CONSIDERATO IN DIRITTO

1. I motivi di ricorso non superano il vaglio di ammissibilità. Ne consegue che il mutato regime di procedibilità del reato di cui all’art. 590 bis cod. pen. non può rilevare nel caso di specie e la sentenza impugnata deve essere confermata.

2. I primi quattro motivi di ricorso sono tra loro strettamente connessi e, per questo, possono essere esaminati congiuntamente. Nel formularli la difesa invoca una inammissibile considerazione alternativa del compendio probatorio e una rivisitazione del potere discrezionale riservato al giudice di merito in punto di valutazione della prova senza confrontarsi in termini specifici con l’iter logico-giuridico seguito dai giudici di merito per affermare la responsabilità penale.
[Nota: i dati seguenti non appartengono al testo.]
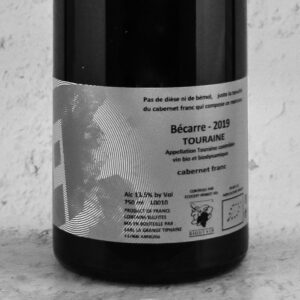 étiquette vin rouge bio de loire - bécarre du domaine de la grange tiphaine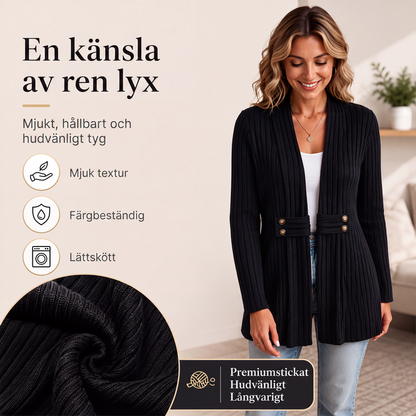 Ribbad kofta för kvinnor
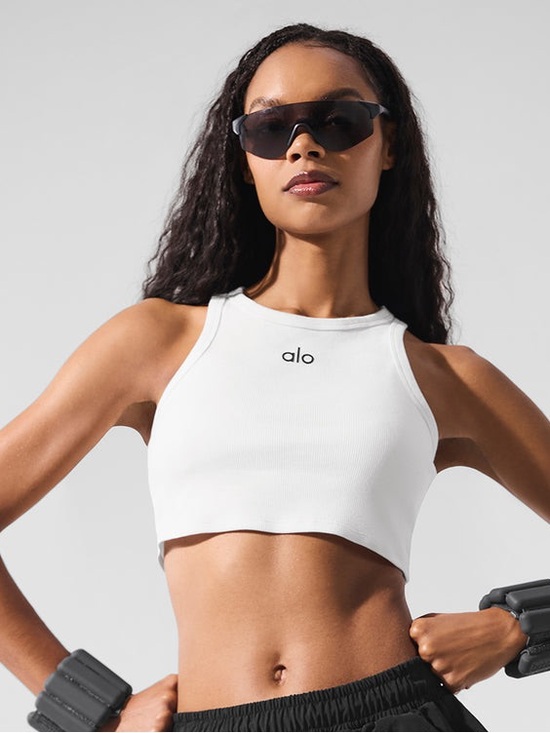 ALO Yoga Tops - Alo Aspire Tank Top Black and White Small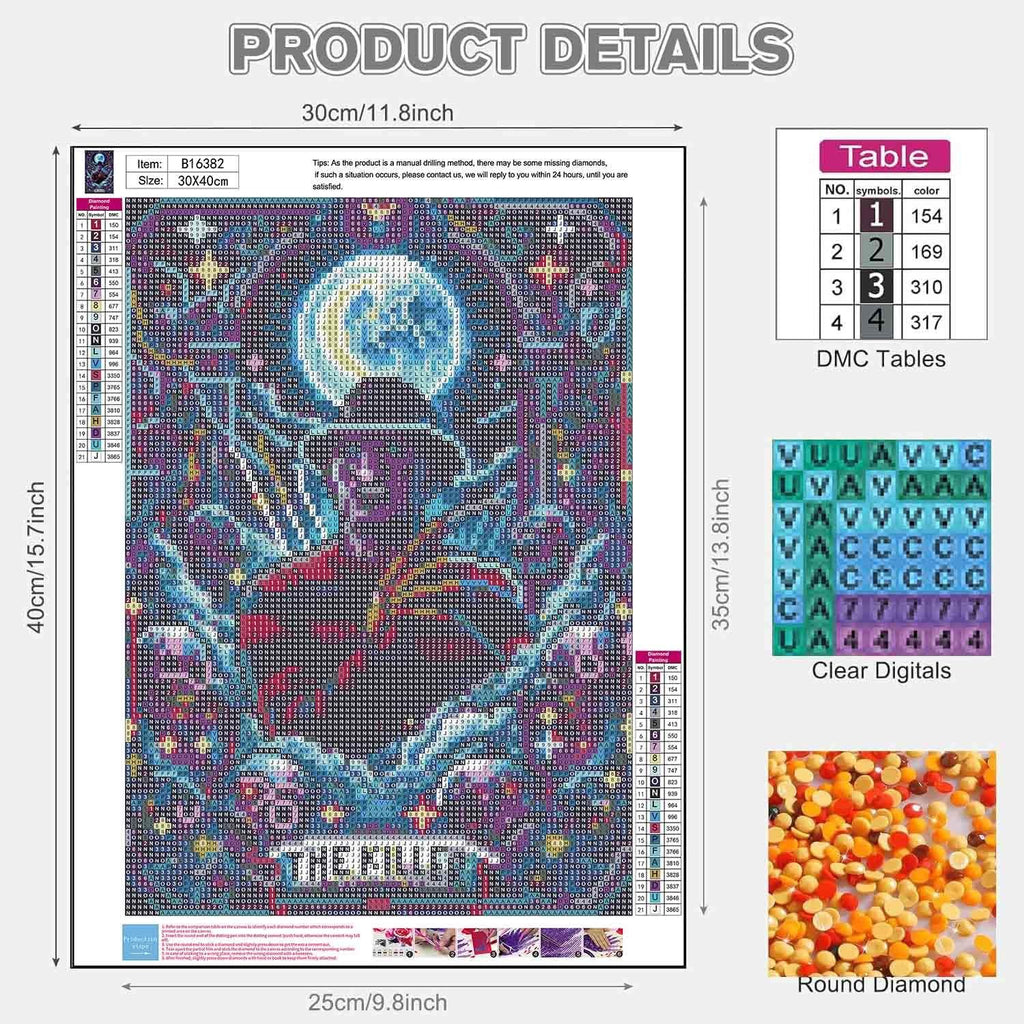 Kit showing a horror-themed image of a figure in a hat under a full moon, with DMC color codes and diamond drills.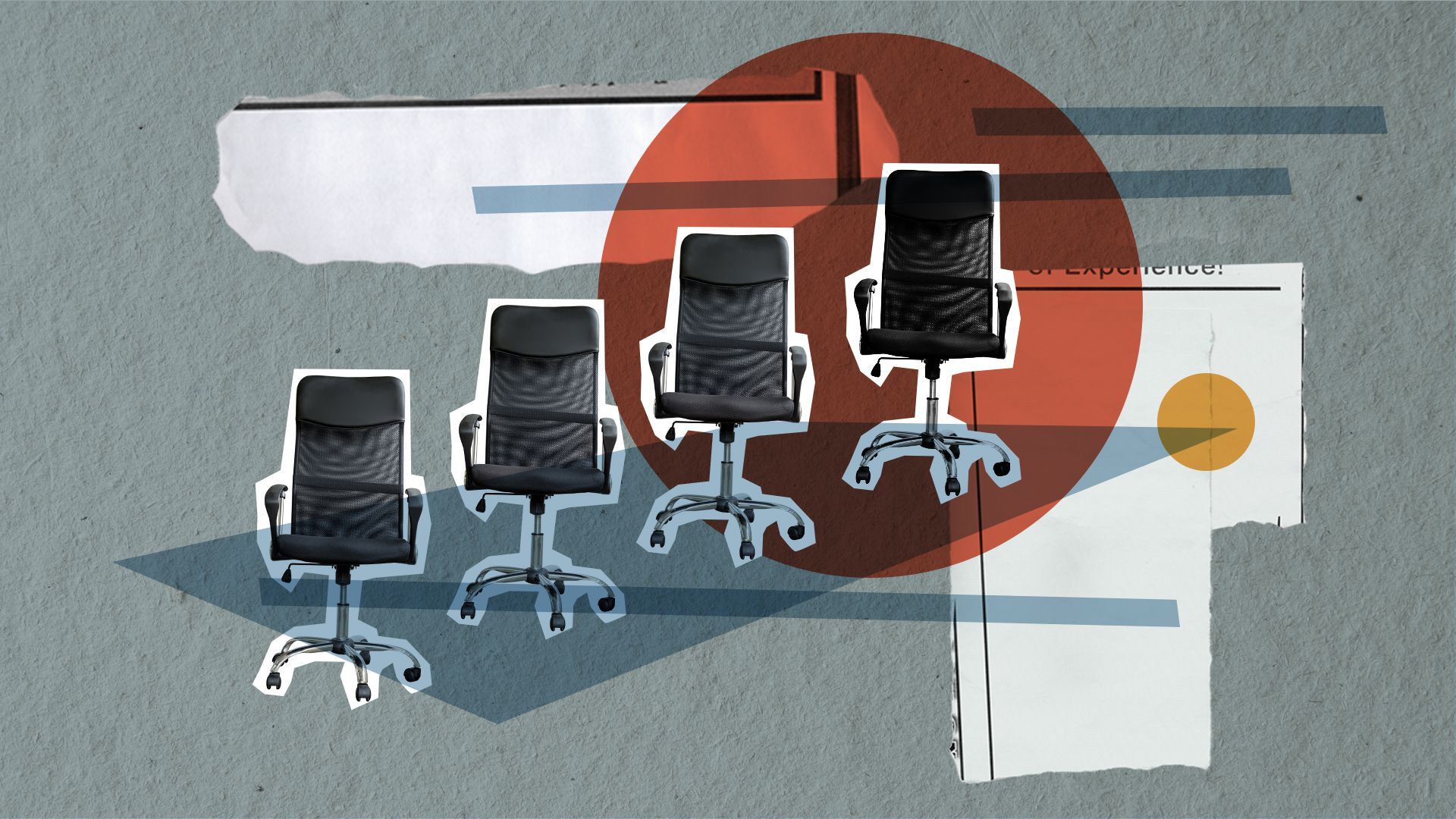 Illustration of office chairs, ripped paper and colorful shapes.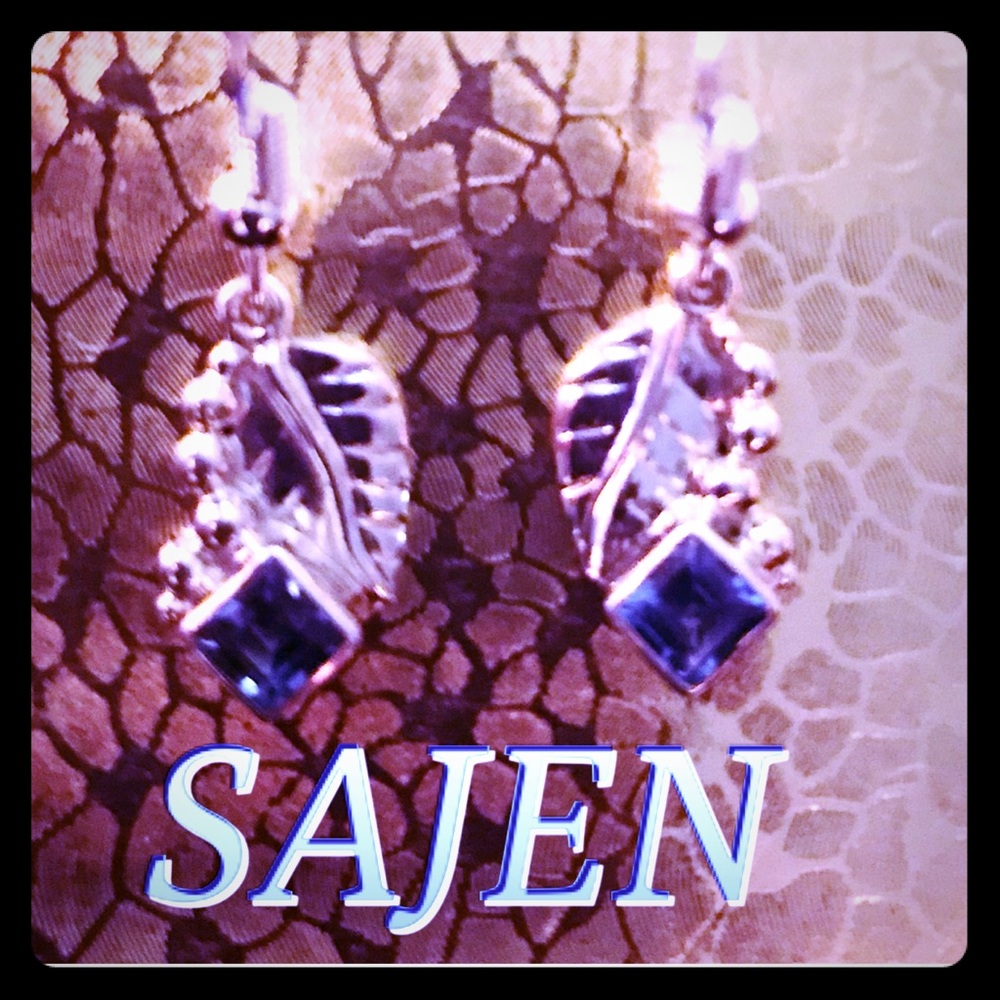 Sajen Topaz, Sterling Dangle Earrings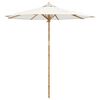 vidaXL Garden Parasol Cream White &Oslash; 240 x 260 cm Bamboo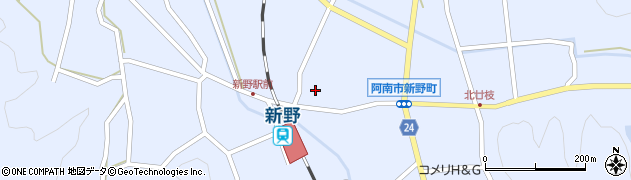 徳島県阿南市新野町（花坂）周辺の地図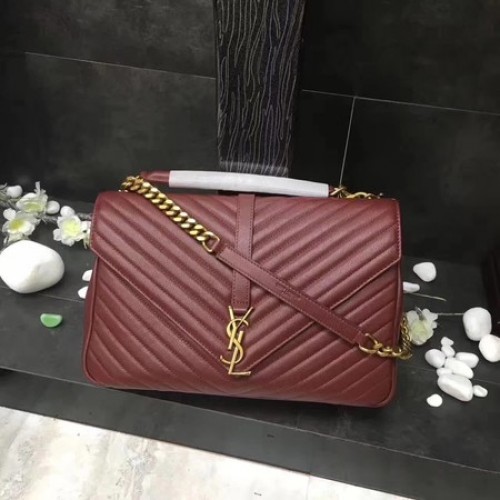 YSL Classic Monogramme Rood Leren Flap Bag Y392738 Goud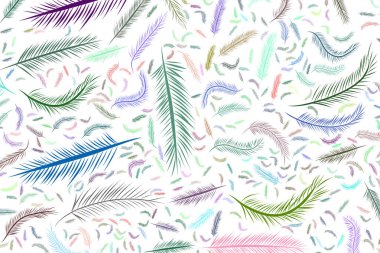 Tüy illüstrasyonlar. Web sayfası, duvar kağıdı, grafik tasarım, katalog, doku veya arka plan için iyi. Karikatür tarzı vektör grafiği.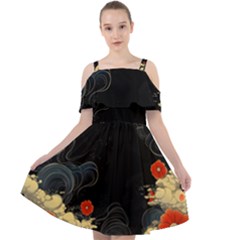 Korean Art Flowers Asian Pattern Cut Out Shoulders Dress by Sabxi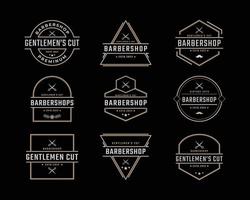 distintivo retrô vintage emblema logotipo design de logotipo de barbearia estilo linear vetor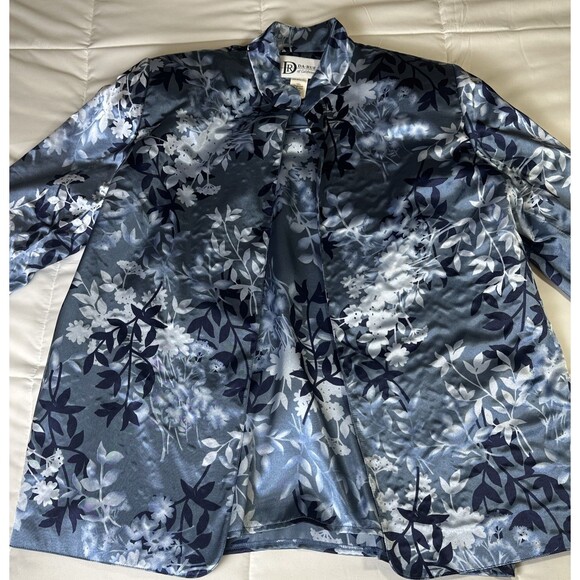 Vintage DaRue of California Satin Floral Blouse and Jacket Set Blue Floral Sz 14 - Picture 4 of 14
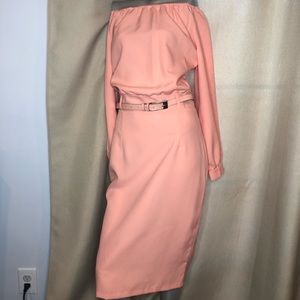 Dioni Peach Off the shoulder belted Dress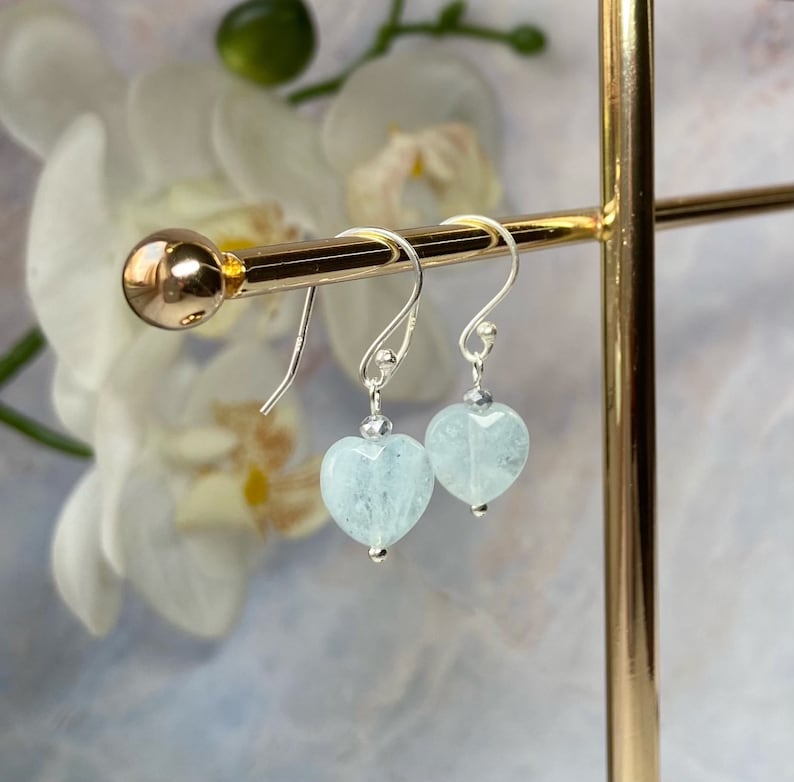 Gorgeous Aquamarine jewellery set, Sterling silver Aquamarine necklace and earrings, Gemstone earrings, Earrings, Necklace, Gift for her image 8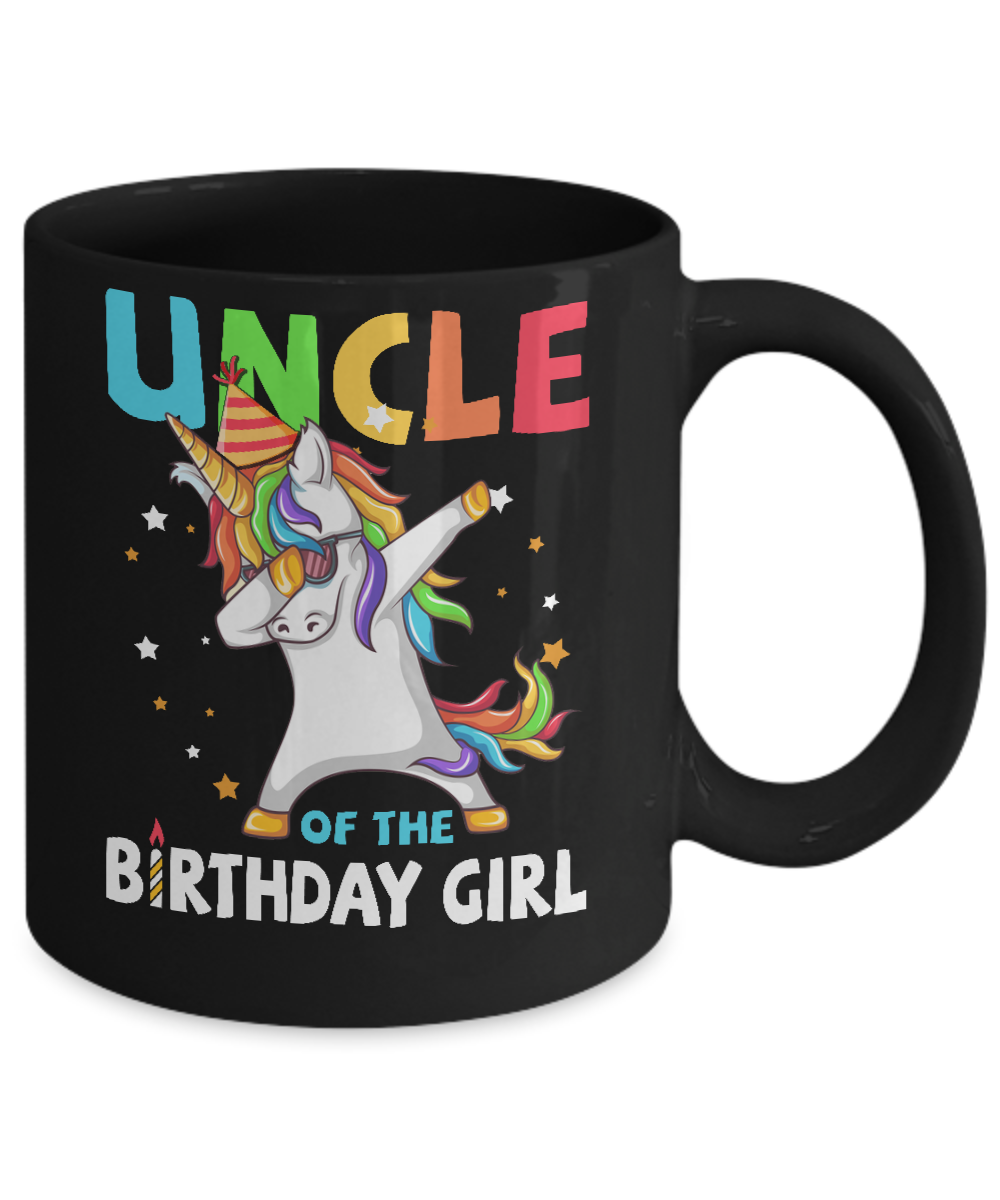 UNCLE Of The Birthday Girl Dabbing Unicorn Party Mug Coffee Mug | Teecentury.com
2.1. La difesa lamenta, in primo luogo, che i giudici di merito non abbiano ritenuto necessaria una perizia tecnica finalizzata a ricostruire la dinamica del sinistro, ma non spiega perché tale perizia sarebbe stata indispensabile alla decisione a fronte della descrizione dei fatti fornita da (omissis) (testimone
oculare dell’incidente) e della compatibilità tra quanto narrato dalla testimone e i rilievi eseguiti dai Carabinieri intervenuti sul posto. A questo proposito la Corte territoriale ha sottolineato che la presenza di tracce dell’urto nella parte laterale destra dell’autovettura e il fatto che la macchia di sangue rilevata sulla carreggiata non si trovasse sulle strisce pedonali, ma più avanti rispetto alla direzione di marcia dell’auto, non sono circostanze incompatibili rispetto alla descrizione dei fatti fornita dalla (omissis) ed anzi la confermano. Secondo la teste, infatti, la (omissis) fu urtata, sbalzata in avanti, cadde e urtò il capo per terra. A fronte di tali argomentazioni la difesa non ha fornito una argomentata ricostruzione alternativa della vicenda e, soprattutto, non ha spiegato perché, a fronte di un urto (non controverso) tra il parafango anteriore destro dell’auto e il pedone, la presenza di tracce di urto su tutta la fiancata destra consentirebbe di escludere che l’investimento sia avvenuto in corrispondenza delle strisce pedonali.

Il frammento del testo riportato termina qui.